The Dublin City Council last week took another step toward building a 138-room Cambria chain hotel for business travelers at an entrance to the city’s downtown.
The council unanimously approved one necessary minor permit in relation to parking, a site development review and a Community Benefits Agreement (CBA) with local developer Jerry Hunt at its virtual June 2 meeting.
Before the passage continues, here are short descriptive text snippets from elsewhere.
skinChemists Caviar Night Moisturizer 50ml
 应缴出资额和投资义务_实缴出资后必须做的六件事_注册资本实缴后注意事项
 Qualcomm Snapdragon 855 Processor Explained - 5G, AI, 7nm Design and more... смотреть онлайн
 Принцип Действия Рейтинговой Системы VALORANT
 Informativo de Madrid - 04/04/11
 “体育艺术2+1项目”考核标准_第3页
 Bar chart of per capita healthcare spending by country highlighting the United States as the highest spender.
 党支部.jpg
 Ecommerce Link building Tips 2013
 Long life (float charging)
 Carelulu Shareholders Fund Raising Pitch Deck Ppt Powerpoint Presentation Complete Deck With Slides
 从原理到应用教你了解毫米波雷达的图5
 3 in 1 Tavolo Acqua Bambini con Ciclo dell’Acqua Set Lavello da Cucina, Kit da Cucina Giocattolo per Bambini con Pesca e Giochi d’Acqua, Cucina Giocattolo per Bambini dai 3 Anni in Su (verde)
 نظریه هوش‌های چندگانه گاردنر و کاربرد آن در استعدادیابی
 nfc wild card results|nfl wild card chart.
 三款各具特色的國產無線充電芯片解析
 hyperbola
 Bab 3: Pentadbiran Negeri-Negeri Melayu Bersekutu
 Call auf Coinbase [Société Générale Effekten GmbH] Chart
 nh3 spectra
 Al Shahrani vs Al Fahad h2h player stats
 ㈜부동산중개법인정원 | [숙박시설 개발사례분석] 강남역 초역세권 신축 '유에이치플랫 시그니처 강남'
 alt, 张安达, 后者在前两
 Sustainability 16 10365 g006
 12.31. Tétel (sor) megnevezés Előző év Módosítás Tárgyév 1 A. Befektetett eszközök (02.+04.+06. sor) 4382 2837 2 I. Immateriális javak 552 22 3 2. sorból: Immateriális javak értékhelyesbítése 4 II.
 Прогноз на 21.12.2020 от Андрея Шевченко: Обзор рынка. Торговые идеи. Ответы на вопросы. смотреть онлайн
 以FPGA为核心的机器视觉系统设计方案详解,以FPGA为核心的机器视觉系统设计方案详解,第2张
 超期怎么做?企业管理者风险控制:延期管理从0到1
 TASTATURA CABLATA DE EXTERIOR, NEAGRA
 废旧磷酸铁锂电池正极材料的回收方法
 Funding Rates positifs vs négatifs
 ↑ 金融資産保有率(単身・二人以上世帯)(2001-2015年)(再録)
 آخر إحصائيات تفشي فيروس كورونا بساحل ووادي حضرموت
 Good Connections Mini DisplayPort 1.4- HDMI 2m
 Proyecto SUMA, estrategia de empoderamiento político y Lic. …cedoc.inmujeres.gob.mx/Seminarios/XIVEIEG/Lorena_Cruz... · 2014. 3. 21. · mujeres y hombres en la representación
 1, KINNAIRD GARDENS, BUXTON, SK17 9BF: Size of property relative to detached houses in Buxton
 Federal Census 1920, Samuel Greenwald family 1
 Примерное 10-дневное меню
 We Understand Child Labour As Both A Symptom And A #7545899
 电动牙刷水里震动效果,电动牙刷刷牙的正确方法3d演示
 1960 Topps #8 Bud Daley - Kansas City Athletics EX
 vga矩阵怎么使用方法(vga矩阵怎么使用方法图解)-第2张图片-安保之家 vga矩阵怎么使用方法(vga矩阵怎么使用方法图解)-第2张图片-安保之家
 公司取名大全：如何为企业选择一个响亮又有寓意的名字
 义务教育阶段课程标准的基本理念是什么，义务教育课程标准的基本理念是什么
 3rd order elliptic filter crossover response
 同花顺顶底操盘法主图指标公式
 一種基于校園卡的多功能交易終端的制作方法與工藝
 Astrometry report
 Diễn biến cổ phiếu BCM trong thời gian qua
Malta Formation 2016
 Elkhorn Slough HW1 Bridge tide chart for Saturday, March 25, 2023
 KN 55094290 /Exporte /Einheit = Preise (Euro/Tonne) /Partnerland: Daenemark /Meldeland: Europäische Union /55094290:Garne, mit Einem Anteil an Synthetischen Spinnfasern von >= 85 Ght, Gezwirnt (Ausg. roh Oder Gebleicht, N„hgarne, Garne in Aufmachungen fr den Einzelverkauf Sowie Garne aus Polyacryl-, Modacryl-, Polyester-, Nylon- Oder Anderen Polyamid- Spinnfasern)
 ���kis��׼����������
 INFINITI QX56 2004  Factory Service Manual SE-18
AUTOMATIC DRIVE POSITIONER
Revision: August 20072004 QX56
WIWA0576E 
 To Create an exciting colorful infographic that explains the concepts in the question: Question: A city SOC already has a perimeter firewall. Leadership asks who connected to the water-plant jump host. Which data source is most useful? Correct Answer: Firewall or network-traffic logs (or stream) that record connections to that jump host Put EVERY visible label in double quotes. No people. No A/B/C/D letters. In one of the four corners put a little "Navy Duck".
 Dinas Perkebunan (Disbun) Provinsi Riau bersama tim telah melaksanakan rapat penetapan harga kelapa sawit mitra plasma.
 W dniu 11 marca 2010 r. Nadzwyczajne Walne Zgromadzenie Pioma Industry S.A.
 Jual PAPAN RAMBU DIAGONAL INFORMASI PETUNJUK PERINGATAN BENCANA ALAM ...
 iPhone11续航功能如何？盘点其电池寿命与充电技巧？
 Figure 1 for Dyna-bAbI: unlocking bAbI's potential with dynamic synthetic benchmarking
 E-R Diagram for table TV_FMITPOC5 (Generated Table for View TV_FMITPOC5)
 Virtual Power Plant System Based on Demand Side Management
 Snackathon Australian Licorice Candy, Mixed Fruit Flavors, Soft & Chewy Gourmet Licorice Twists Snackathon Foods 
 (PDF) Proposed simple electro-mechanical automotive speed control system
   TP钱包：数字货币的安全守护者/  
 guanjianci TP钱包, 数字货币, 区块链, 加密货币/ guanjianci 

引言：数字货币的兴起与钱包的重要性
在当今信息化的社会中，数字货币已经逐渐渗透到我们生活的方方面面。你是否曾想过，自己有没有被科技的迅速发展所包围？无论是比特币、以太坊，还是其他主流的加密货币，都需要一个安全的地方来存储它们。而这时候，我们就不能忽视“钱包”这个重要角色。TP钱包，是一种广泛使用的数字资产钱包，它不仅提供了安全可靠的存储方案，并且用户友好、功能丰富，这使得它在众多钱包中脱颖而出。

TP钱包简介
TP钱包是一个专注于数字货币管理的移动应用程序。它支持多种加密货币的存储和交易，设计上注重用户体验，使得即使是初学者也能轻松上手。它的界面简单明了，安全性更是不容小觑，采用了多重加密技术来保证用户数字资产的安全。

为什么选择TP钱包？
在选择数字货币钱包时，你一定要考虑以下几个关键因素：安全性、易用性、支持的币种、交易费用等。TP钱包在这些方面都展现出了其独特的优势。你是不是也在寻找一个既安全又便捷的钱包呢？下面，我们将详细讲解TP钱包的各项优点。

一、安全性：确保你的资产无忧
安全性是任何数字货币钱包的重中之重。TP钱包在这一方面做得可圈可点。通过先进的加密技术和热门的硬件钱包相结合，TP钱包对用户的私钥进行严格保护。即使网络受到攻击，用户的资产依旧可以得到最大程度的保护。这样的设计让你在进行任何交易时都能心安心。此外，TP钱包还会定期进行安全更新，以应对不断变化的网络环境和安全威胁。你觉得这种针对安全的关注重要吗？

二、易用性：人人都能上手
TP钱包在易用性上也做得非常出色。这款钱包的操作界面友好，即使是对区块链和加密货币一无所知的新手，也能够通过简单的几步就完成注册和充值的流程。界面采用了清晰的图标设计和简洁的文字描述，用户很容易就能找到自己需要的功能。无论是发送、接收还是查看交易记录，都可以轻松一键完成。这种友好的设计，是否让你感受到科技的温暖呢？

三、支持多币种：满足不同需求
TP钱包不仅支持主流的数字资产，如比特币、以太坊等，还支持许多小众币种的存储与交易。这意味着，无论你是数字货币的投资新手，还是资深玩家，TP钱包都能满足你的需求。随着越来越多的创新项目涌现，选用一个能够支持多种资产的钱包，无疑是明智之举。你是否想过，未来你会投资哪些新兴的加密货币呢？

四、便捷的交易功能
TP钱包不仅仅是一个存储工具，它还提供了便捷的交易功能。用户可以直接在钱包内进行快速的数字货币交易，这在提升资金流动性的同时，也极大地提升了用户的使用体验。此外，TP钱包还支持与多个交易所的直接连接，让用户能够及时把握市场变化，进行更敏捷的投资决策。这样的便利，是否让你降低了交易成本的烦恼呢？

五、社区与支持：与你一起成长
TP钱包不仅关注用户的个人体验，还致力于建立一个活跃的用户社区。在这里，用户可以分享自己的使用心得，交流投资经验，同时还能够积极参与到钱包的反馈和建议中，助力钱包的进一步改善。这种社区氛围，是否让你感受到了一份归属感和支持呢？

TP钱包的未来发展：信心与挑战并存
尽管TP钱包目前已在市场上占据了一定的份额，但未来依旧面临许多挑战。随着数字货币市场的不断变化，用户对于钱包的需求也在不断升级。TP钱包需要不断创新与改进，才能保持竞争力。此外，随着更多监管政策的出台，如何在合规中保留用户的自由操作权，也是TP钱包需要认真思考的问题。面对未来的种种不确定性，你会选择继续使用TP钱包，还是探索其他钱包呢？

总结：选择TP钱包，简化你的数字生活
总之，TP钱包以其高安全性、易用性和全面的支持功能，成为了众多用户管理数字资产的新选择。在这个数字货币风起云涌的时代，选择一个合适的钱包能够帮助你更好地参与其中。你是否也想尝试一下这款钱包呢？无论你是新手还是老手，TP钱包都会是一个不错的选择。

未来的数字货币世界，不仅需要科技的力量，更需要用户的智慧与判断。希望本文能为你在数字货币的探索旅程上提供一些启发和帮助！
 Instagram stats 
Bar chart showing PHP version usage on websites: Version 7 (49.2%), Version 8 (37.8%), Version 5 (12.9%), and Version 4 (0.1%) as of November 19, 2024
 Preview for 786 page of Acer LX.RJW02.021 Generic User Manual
Part of the project will include a $200,000 “Welcome to Dublin” monument that will beautify an entryway to the city's downtown at Dublin Boulevard and San Ramon Road.
In approving permits for the hotel at 7950 Dublin Boulevard, the council also unanimously voted to deny appeals by two groups, which objected to an April 28 Planning Commission approval of the hotel.
The Laborers International Union of North America (LIUNA) and the West Dublin Alliance, a homeowners group, contended that an environmental impact report (EIR) on the project conducted in 2011 was insufficient. Building regulations now have tighter standards for such things as permissible formaldehyde in the walls of rooms. Formaldehyde poses an increased cancer threat to guests and staff of the hotel, said an attorney for LIUNA.
However, city staff said the EIR from 2011 was adequate, because it was part of the Urban Specific Plan for Downtown Dublin.
The CBA estimates the hotel will have a 75% average daily occupancy rate, add 50 full-time jobs, and contribute $450,000 annually to the city’s General Fund through its Transient Occupancy Tax, which is computed on the number of hotel guests.
Hunt added that although some hotel chains shied away from developing the site because of their perception of the market for future travel during the COVID-19 pandemic, Cambria showed no such worries.
The project is located within Dublin’s Transit Oriented Development (TOD) zoning, close to the West Dublin BART station. Business travelers will benefit from the nearby BART station, because they can ride the system throughout the Bay Area.
The hotel guests can stimulate creation of other downtown businesses, such as restaurants and shops, which can help achieve a vibrant mood in the downtown and bring in more tax revenue. The hotel will also feature venues for business conferences. A building commencement date remains undecided at this time.